Note: When it comes to food cravings, and some other cravings as well, I notice they are fueled by nutrient “holes” as well. When I eat nutritious and balanced food, low on the food chain, and also add other essentials such as raw cocoa drinks w. cinnamon, cod liver oil, and a few herbs (rhodiola, eleuthero), the cravings tend to fall away. My body is satisfied. But if I eat less well, there is definitely a tendency to – very understandably – crave “quick fixes” such as sugar and fats. It’s the body’s way to try to repair the deficiencies as quickly as possible. So for me, food cravings is a reminder to take my herbs, drink cod liver oil, and eat more richly nutritious food. And that does satisfy the cravings in a deep way, also mentally.
– a first-aid technique, but can also bring lasting habitual changes (so transform into something long lasting)
– addiction = belief, and comes in degrees – strong, weak, medium (core, peripheral, middle ground – very hot, mild, hot)
– core addiction/belief: “I”, and then “me”, and then cherished beliefs in daily life
– belief: filter/act as if is true, addicted to the belief + addiction comes out in other ways as well, depending on the belief and circumstances (the ways life rub up against it, the friction)
– addiction 1: I need people to accept me > addicted to people accepting (and the behaviors I think will lead to it)
– addiction 2: Friction between shoulds and is > stress > emotion regulation (try to feel better, distract myself, etc.)
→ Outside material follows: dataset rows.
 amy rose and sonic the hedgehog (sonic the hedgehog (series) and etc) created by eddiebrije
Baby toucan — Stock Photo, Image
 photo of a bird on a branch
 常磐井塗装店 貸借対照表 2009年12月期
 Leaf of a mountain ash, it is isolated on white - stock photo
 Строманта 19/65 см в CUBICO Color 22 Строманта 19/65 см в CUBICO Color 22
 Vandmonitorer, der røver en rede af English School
– strategies: 1. identify + inquire into beliefs 2. identify need, meet another more fulfilling way 3. first-aid techniques
- addictions and reversals
- addictive tendency of any type
- beliefs, inquire into
- notice what want from it, and find other ways to get it
- explore effects (what like + neutral + don’t like)
- emphasize/visualize what is neutral + don’t like about it (find creative and vivid ways)
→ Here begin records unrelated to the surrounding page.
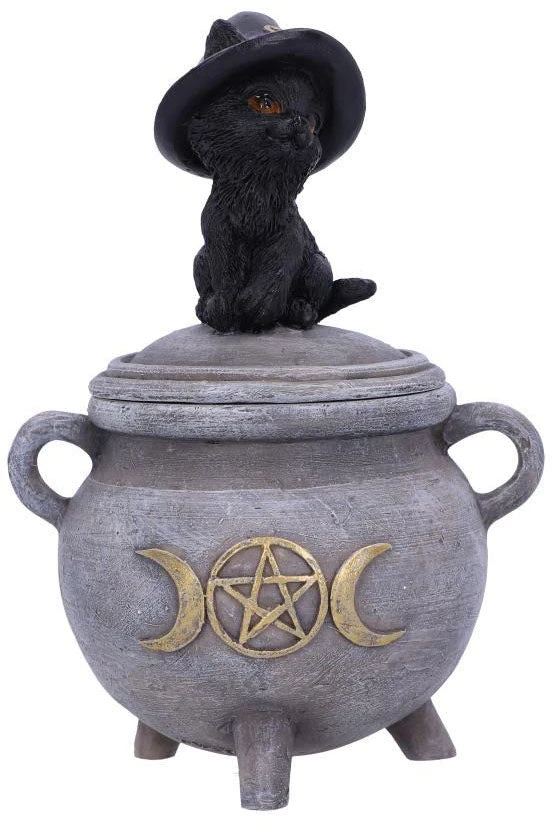 Nemesis Now Kitty's Brew Cat Cauldron Box 4 Nemesis Now Kitty's Brew Cat Cauldron Box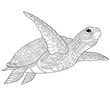 Stylized underwater turtle (tortoise). Freehand sketch for adult anti stress coloring book page with doodle and zentangle elements.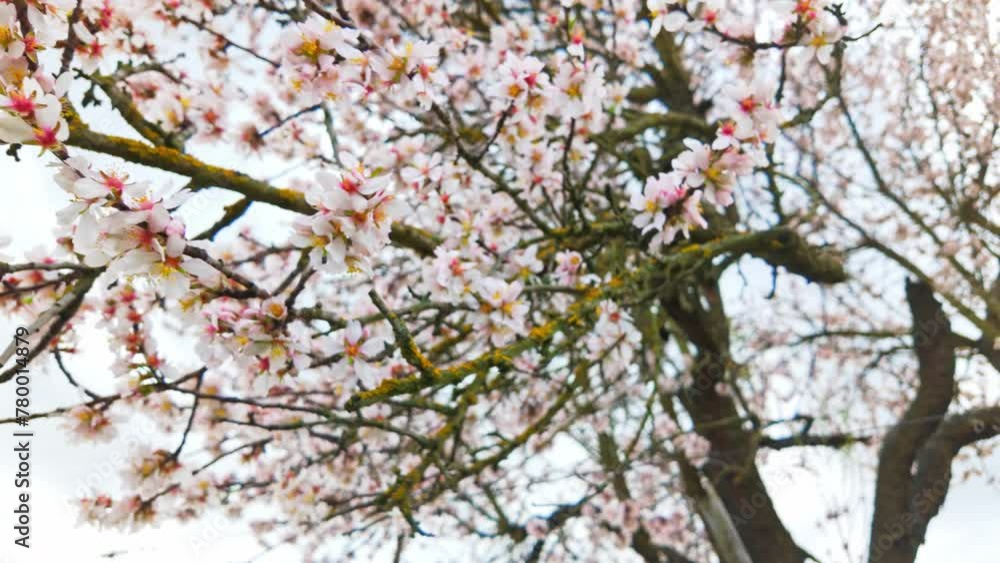 View of almond tree in bloom. Concept of springtime in garden View of almond tree in bloom. Concept of springtime in garden
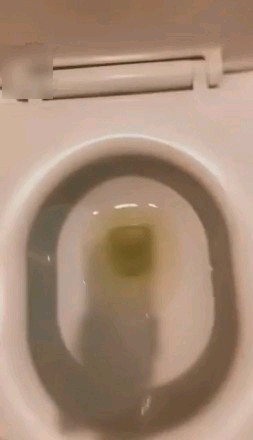 38894701dfd23f08d3dffb7c2d8fed5e.jpg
- seek out aspects of it that don’t like
- overdo it
- unattractive aspects
- seek out aspects of it that don’t like
- nip it in the bud (aware of earliest signs, then go different direction)
- visualize desired outcome
- finding support
- just sitting/open awareness – allow any experience as is, including impulses/cravings – notice, allow to come and go
- stable attention – self-regulation, strengthen ability to not follow impulses
- heart centered – compassion for self/others, kindness
- in general, increase satisfaction + find meaning, align life with values
- also, recognize that any belief gives an addictive tendency
- so this approach too, invites in healing and maturing as who we are, and invites what we are to notice itself – it runs through all levels of who and what we are
Any belief creates an addictive tendency.
I believe a story. There is a “should” in it, directed at myself, others or life. And in that should, is an addictive tendency.